■ **WHAT YOU SHOULD DO**
Reprint all of the data below exactly as shown and skip every image.

■ **RECORDED DATA**
--
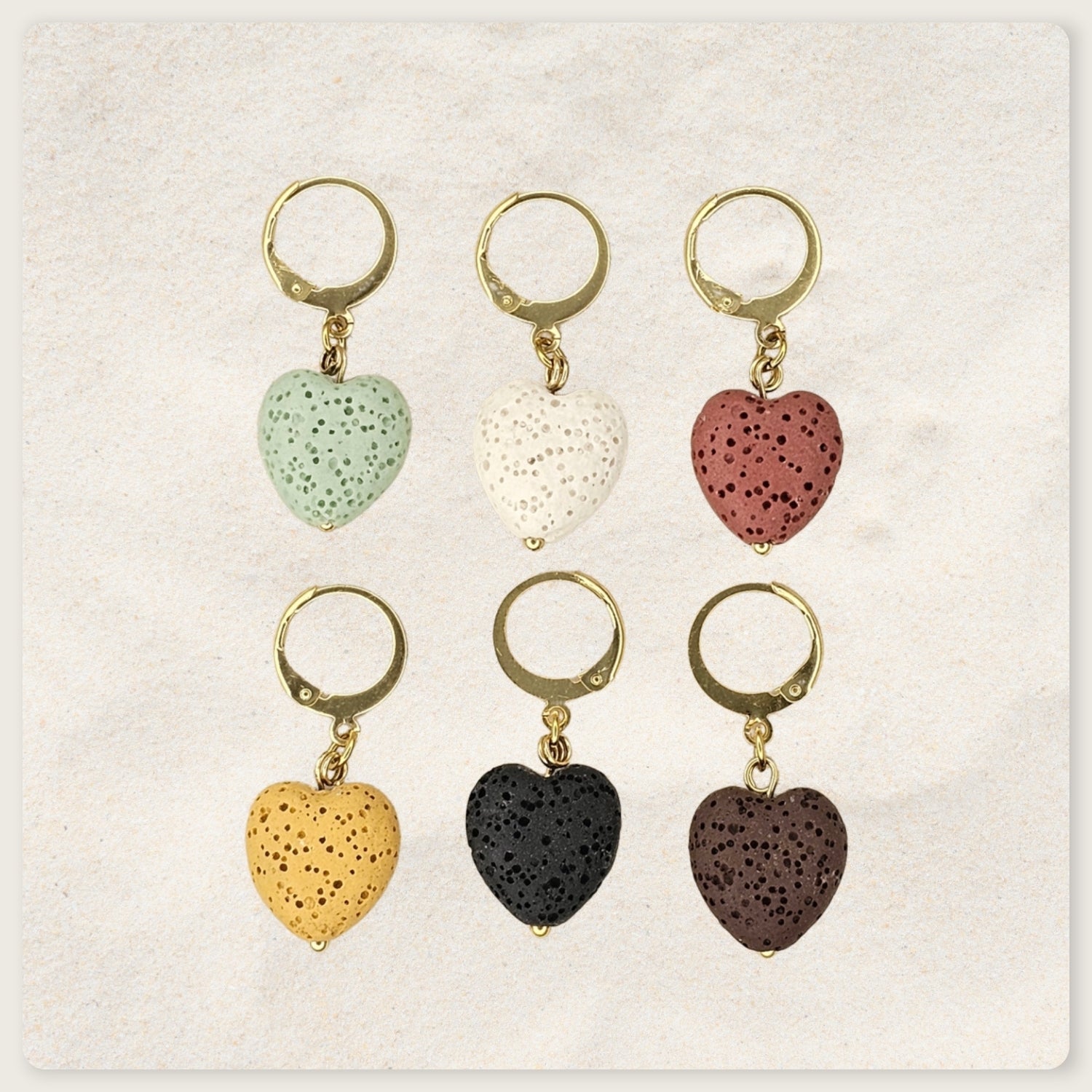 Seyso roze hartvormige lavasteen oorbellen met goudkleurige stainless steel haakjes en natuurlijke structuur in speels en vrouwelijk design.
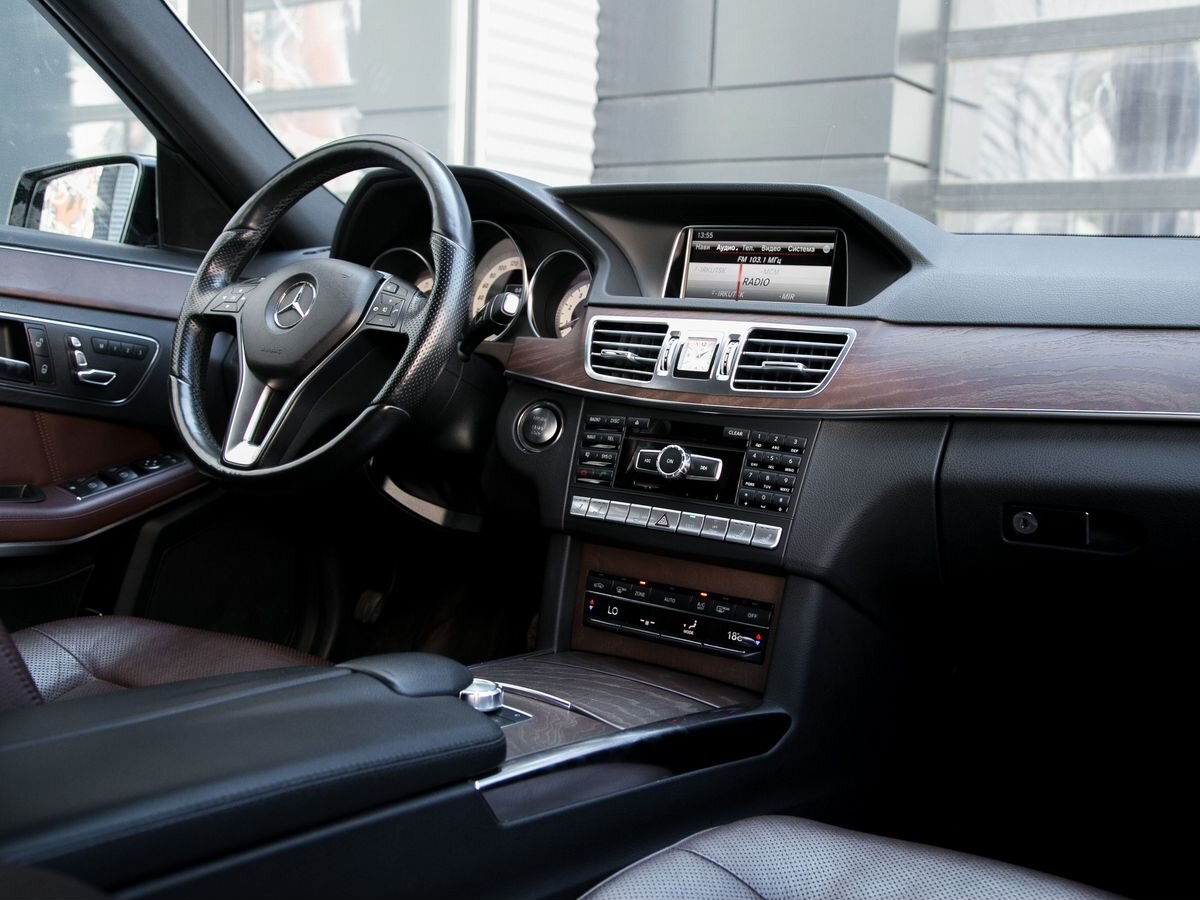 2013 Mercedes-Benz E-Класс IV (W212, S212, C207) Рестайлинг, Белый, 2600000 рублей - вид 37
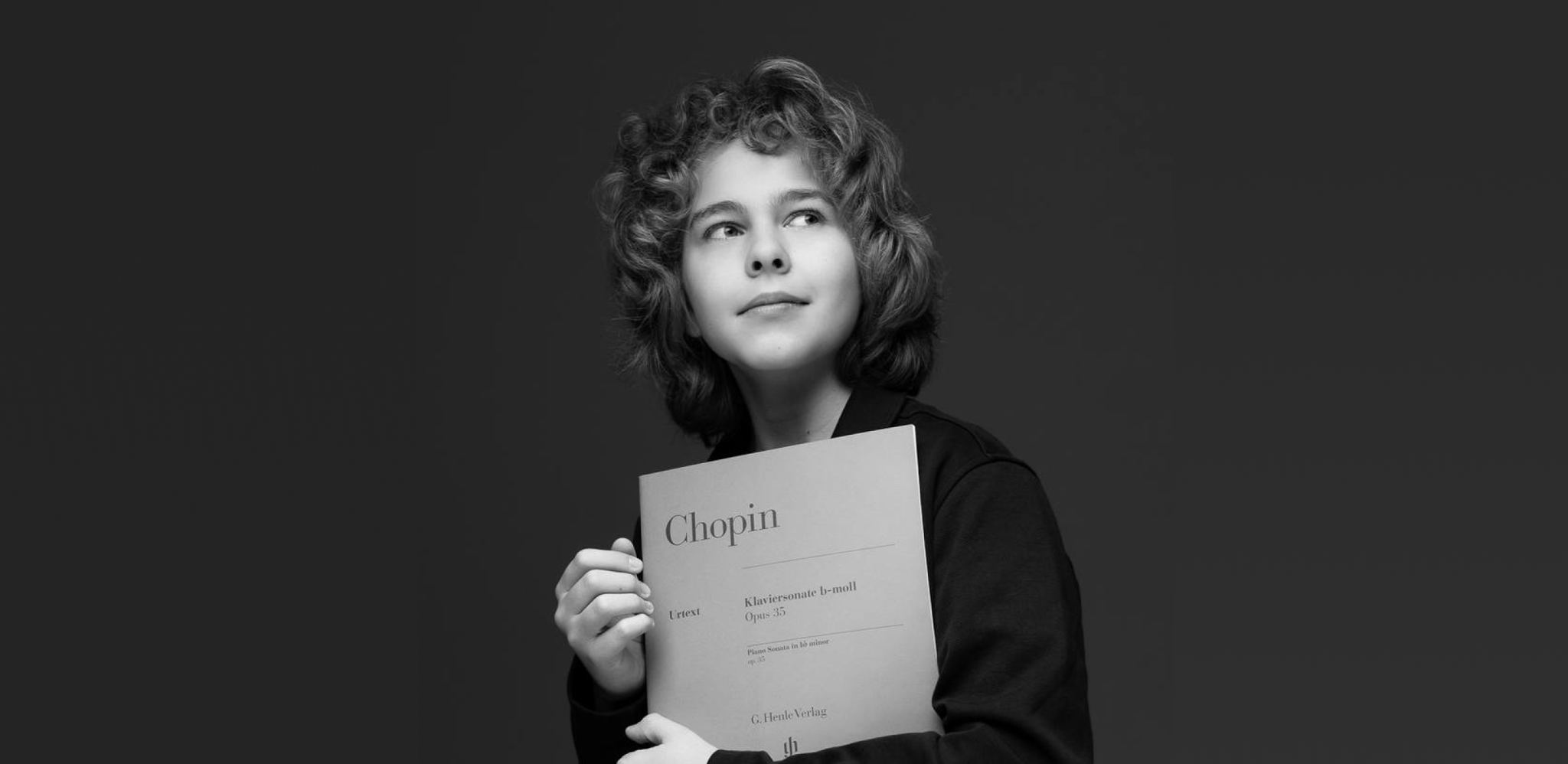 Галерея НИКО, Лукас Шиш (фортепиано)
--
■ **RESULT BELOW**
 Seyso roze hartvormige lavasteen oorbellen met goudkleurige stainless steel haakjes en natuurlijke structuur in speels en vrouwelijk design.
 2013 Mercedes-Benz E-Класс IV (W212, S212, C207) Рестайлинг, Белый, 2600000 рублей - вид 37
 Галерея НИКО, Лукас Шиш (фортепиано)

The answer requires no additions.